Empresas de ônibus são processadas pelo Ministério Público do Trabalho

O Ministério Público do Trabalho (MPT) em Pernambuco ingressou com ações civis públicas contra sete empresas de ônibus que atuam na Região Metropolitana do Recife. 
As ações tiveram como base relatório do INSS e as atuais condições de trabalho oferecidas aos cobradores e motoristas, alvo de uma pesquisa realizada pelo professor da UPE, Beda Barkokebas, com as 18 empresas do setor.
Ações contra outras 11 empresas que atuam na RMR devem ser ajuizadas nos próximos meses.

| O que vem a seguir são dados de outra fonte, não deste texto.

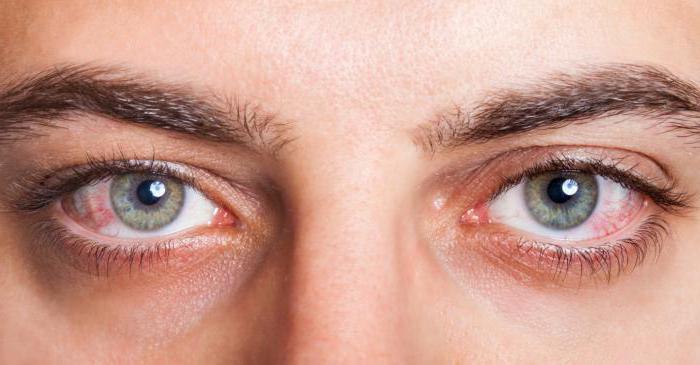 Vidisik gel oční návod k použití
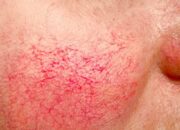 Urat di Wajah Terlihat Setelah Pakai Skincare: Apakah Berbahaya? Ini Penjelasan Lengkapnya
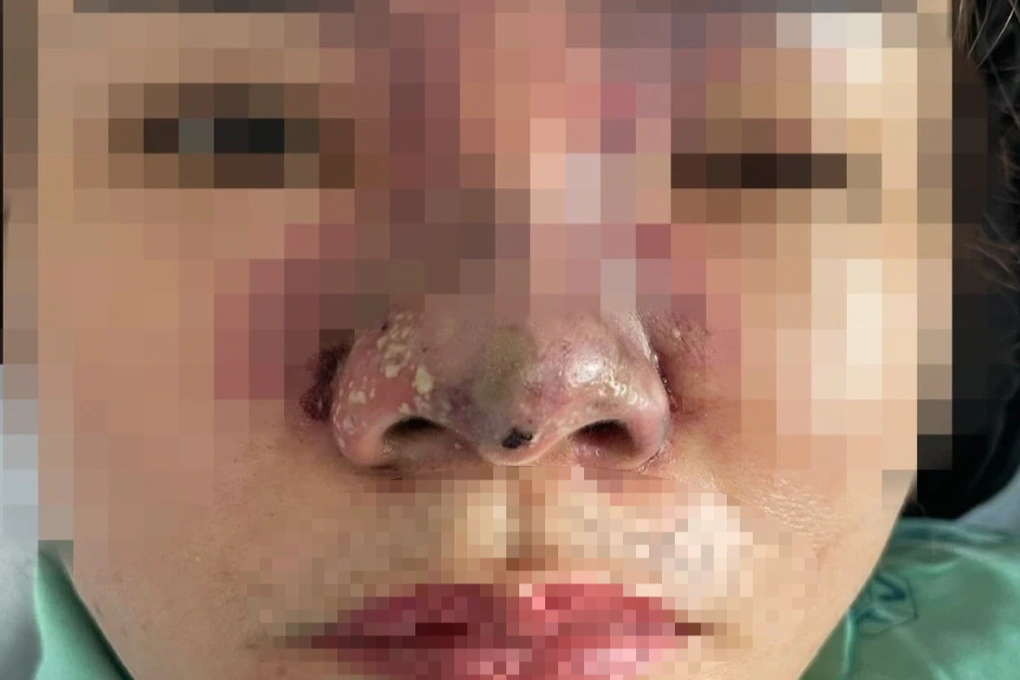 Tiêm filler có thể gây mù vĩnh viễn, bác sĩ nêu nguyên nhân phổ biến - 2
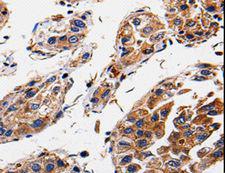 RAB41 Antibody - Immunohistochemistry of paraffin-embedded Human liver cancer using RAB41 Polyclonal Antibody at dilution of 1:60.
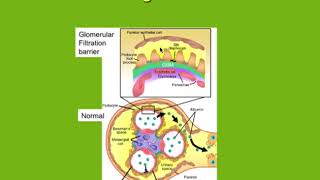 DAROGA Pre-eclampsia Part One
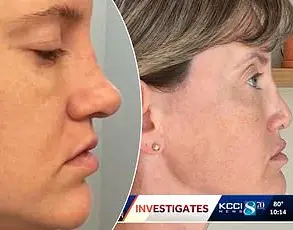 Exclusive: Internal Documents Reveal Secret Plastic Surgery Clinic's Hidden Risks in High-Profile Malpractice Case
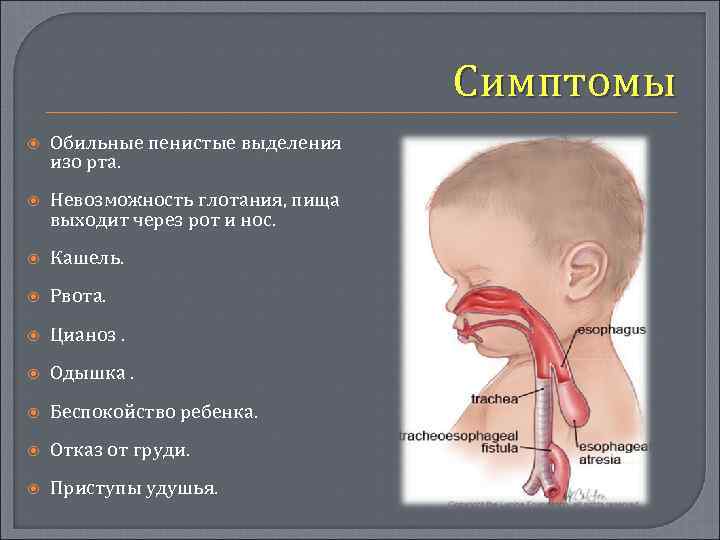 Симптомы Обильные пенистые выделения изо рта. Невозможность глотания, пища выходит через рот и нос.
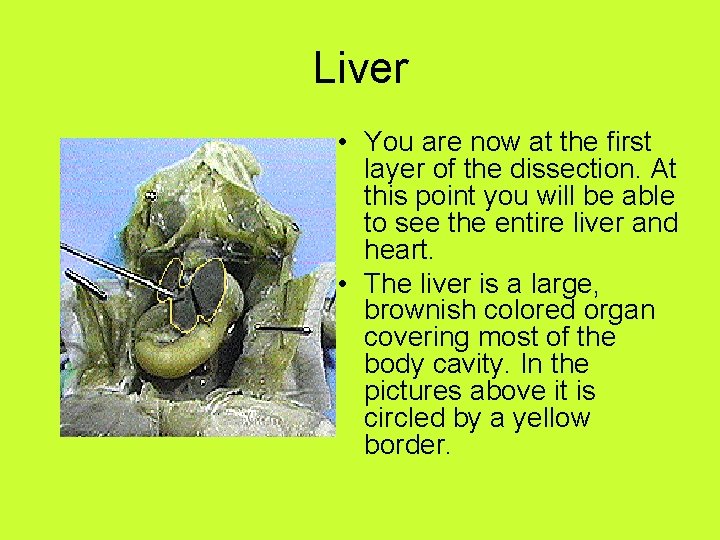 Liver • You are now at the first layer of the dissection. At this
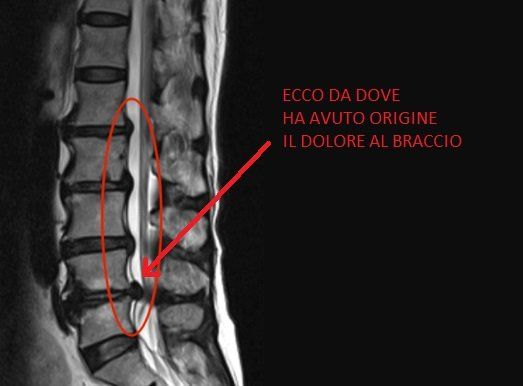 dolore al braccio spalla gomito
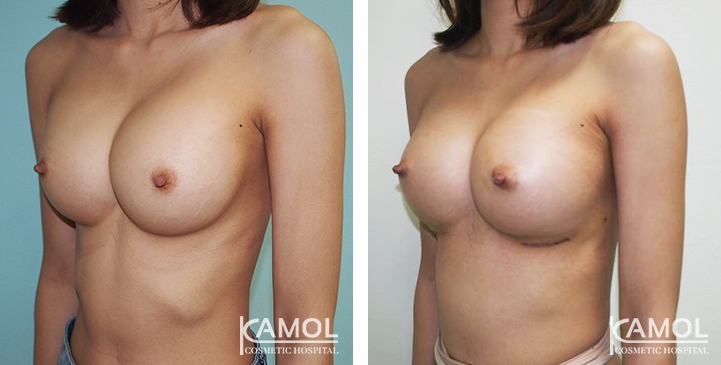 Before and After breast implant revision by Symmastia correction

Segundo dados apresentados ontem pelo MPT, o INSS concedeu mais de 5.000 benefícios em quatro anos aos cerca de 10 mil motoristas do transporte público. De acordo com o MPT, as principais causas dos benefícios foram problemas de saúde na região lombar, além de traumas decorrentes do trabalho como os assaltos, pelos quais 68% dos profissionais já passaram, além dos transtornos diários no trânsito.
Sobre a jornada de trabalho, foi constatado por dados do Grande Recife Consórcio de Transporte que a carga de trabalho dos profissionais é excessiva, ultrapassando o limite definido em lei de oitos horas diárias ou 44 horas semanais. Em alguns casos, motoristas chegaram a trabalhar 18 horas em um único dia.
"Com as atuais condições de trabalho os cobradores e motoristas estão adoecendo. A população está sofrendo as consequências e a Previdência Social arca com os custos financeiros", afirmou ontem a procuradora do Trabalho Vanessa Patriota.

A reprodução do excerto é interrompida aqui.